TASK GOAL –
When you reach the line containing "Guides et ressources" in the data below, begin returning lines exactly as written, and stop once the line containing "Snapshot of Yours_AsianPinayGirl18" has been returned.

*** Opening DATASET ENTRIES ***

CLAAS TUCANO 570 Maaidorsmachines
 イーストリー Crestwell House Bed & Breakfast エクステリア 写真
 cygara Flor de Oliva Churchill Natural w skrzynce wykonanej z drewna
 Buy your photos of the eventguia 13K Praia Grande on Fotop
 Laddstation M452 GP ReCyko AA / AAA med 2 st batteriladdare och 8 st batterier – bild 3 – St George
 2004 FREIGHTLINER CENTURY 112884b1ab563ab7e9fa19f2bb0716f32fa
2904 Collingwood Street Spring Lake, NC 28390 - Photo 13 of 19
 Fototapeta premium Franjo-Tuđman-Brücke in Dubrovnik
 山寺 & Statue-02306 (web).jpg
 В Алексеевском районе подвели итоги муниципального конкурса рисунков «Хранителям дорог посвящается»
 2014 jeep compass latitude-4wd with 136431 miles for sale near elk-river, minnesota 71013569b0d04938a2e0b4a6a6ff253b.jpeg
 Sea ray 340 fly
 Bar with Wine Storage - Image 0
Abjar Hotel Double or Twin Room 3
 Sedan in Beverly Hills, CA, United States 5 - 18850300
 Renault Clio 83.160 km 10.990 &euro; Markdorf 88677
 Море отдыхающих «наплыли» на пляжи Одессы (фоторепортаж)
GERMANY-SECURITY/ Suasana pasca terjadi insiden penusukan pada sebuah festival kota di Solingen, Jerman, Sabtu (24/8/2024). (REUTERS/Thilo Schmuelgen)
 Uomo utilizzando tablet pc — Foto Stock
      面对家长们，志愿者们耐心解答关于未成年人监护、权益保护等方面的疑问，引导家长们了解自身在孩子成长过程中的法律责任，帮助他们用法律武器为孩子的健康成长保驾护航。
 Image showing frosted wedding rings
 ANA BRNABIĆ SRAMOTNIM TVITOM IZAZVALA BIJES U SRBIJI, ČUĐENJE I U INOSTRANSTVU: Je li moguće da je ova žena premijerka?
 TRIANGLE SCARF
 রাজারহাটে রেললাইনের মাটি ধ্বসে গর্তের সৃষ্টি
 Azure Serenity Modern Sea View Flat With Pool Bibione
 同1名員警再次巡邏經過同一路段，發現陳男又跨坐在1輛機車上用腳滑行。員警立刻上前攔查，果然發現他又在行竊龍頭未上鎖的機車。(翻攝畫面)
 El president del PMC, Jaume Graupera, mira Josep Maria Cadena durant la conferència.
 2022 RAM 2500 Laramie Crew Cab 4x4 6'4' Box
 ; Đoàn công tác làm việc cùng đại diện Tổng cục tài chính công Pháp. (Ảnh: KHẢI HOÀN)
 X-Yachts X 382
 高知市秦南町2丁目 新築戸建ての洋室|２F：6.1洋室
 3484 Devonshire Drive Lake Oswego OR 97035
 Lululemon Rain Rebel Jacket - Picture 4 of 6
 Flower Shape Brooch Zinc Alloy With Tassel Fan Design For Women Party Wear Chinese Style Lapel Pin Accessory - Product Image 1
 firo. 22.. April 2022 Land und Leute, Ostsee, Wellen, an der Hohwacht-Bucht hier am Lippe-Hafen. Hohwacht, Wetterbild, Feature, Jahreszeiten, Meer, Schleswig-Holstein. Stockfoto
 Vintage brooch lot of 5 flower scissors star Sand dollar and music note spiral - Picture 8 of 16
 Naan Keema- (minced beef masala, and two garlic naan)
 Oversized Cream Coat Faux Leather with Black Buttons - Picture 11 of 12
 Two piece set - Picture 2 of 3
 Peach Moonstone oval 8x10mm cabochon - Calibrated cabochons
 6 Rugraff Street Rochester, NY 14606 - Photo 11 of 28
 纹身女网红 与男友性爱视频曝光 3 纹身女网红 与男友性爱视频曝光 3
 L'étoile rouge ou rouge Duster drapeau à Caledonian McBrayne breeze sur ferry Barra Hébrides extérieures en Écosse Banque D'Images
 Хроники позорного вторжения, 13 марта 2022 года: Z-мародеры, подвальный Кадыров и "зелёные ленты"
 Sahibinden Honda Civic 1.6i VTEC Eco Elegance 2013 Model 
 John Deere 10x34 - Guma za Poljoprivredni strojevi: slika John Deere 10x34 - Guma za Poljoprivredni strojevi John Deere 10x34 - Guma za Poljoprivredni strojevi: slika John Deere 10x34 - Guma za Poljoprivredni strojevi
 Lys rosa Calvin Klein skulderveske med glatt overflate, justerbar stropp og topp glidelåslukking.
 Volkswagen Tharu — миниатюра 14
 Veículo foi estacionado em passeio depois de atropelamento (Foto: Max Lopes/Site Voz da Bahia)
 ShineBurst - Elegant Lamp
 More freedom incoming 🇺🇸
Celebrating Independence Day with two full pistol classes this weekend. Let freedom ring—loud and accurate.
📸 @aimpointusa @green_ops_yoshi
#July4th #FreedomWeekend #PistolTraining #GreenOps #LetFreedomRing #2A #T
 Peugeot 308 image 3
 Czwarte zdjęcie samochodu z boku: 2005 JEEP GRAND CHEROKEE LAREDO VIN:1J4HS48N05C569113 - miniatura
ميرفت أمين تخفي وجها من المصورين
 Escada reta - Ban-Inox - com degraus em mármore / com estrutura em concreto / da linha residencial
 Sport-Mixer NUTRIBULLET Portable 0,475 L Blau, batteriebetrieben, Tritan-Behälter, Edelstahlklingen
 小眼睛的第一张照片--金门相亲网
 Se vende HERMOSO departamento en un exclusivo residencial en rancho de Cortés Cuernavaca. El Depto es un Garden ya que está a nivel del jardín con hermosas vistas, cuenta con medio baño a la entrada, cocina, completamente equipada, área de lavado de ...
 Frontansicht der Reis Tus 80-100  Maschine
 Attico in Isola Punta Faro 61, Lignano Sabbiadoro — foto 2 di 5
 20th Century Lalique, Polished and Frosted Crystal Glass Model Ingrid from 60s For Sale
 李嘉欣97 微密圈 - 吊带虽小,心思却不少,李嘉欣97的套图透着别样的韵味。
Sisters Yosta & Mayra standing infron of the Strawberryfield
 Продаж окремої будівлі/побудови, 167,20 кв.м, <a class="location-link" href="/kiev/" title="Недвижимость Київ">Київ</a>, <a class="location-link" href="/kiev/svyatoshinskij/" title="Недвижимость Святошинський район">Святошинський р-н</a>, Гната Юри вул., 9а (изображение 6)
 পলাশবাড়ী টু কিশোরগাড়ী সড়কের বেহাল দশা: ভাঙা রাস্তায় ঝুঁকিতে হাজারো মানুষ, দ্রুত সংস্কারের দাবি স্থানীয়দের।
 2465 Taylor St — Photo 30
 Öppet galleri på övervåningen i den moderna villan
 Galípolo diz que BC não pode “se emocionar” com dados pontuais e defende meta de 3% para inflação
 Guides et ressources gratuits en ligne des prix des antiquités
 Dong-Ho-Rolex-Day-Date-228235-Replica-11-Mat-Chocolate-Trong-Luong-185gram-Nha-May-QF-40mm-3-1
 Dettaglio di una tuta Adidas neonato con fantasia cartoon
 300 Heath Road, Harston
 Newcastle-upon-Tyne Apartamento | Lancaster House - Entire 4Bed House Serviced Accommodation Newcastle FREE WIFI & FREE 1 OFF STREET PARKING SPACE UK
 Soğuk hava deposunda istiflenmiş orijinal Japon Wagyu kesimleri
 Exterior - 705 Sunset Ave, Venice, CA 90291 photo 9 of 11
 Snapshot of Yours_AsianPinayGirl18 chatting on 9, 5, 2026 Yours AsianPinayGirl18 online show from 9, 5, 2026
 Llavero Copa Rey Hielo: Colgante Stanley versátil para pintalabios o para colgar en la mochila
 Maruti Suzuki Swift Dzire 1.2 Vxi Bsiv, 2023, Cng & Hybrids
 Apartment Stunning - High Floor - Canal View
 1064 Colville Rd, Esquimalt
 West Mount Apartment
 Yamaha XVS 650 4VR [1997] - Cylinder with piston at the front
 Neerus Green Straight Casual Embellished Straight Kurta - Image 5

*** Closing DATASET ENTRIES ***

EXERCISE OUTPUT –
 Guides et ressources gratuits en ligne des prix des antiquités
 Dong-Ho-Rolex-Day-Date-228235-Replica-11-Mat-Chocolate-Trong-Luong-185gram-Nha-May-QF-40mm-3-1
 Dettaglio di una tuta Adidas neonato con fantasia cartoon
 300 Heath Road, Harston
 Newcastle-upon-Tyne Apartamento | Lancaster House - Entire 4Bed House Serviced Accommodation Newcastle FREE WIFI & FREE 1 OFF STREET PARKING SPACE UK
 Soğuk hava deposunda istiflenmiş orijinal Japon Wagyu kesimleri
 Exterior - 705 Sunset Ave, Venice, CA 90291 photo 9 of 11
 Snapshot of Yours_AsianPinayGirl18 chatting on 9, 5, 2026 Yours AsianPinayGirl18 online show from 9, 5, 2026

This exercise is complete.